By Thomas H. Little, Ph.D.
A few weeks ago, I posted an article about four “abilities” associated with effective leadership: likeability, capability, credibility and adaptability. Over the last few weeks, it occurred to me that if I can take a little more liberty with the English language (two of the three “abilities” are not valid words, but they represent valid leadership concepts), there are three additional “abilities” possessed by successful leaders: compatibility, comfortability, and visi(on)ability.
Compatibility. Is effective leadership a function of leadership skills or leadership opportunity? Some argue that great leaders will rise to the top regardless of the situation while others suggest that great leaders emerge only when the leadership challenges demand it. Would Abraham Lincoln have been a great President had he been elected in the rather placid 1852 era rather than 1860 on the eve of America’s most challenging hour? I am convinced that, to some degree, effective leadership is a combination of both skills and opportunity: effective leaders are those who have the skills to take advantage of their unique opportunity for greatness when it is presented to them. I suspect that Franklin Roosevelt would have been a good leader no matter when he served as President of the United States, but his greatness was a result of his experience, confidence and self-assurance meeting the occasion of the Depression and World War II. On the other hand, no President ever came to the office more prepared than Herbert Hoover, but his substantial administrative skills were not compatible with the challenges of the Great Depression. Different situations require different skill sets – effective leaders are those who possess the skill sets compatible with the times and challenges they face.

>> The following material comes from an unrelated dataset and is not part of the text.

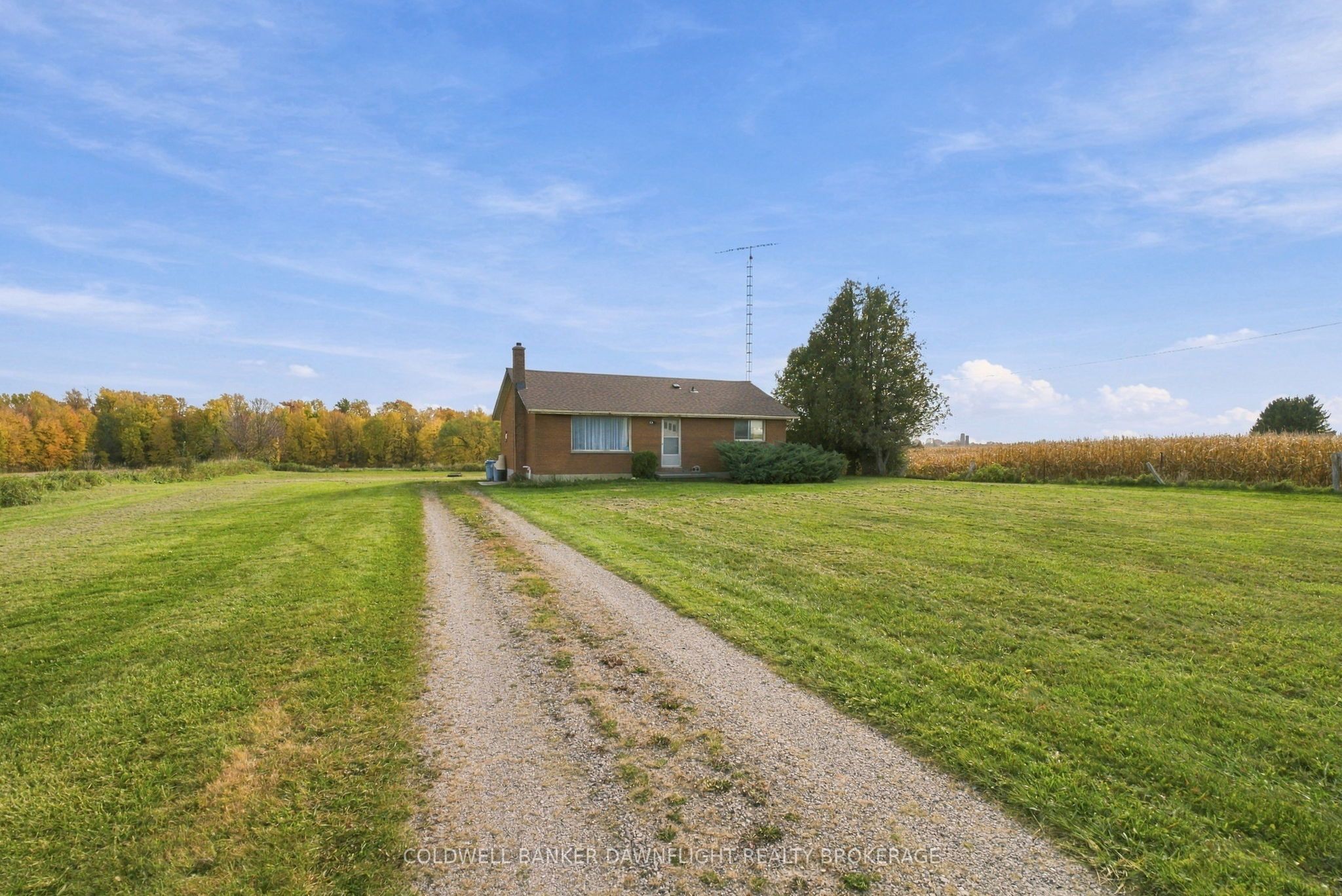 14211 Elginfield Road Property Photo 42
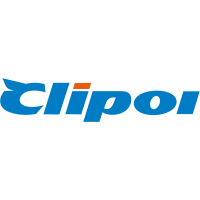 Clipol Electrical & Machine CO., Ltd.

Comfortability. More than four decades ago, political scientist James David Barber proposed a theory of Presidential leadership categorizing US Presidents according to their level of job activity and enjoyment. The most dangerous type, Barber argued, was the “active negative” President who always felt that he had something to prove and used the office to prove it. On the other hand, the “active positive” President, characterized by self-confidence, reasonable policy goals and an enjoyment of the job, is the best. Effective leaders are “comfortable in their own skin” and do not have to use their position to prove their worth. President Dwight Eisenhower had already saved the free world – his worth was not going to be defined by what others thought of his Presidency or by what he did or did not do in the White House. On the other hand, many felt that President Johnson’s overreach in Vietnam (and, to a lesser extent, with his Great Society) came from his desire to prove that a poor boy from the Hill Country of Texas could compete with Kennedy’s Camelot. Leaders who are comfortable with who they are will not overreach and make mistakes by trying to do too much.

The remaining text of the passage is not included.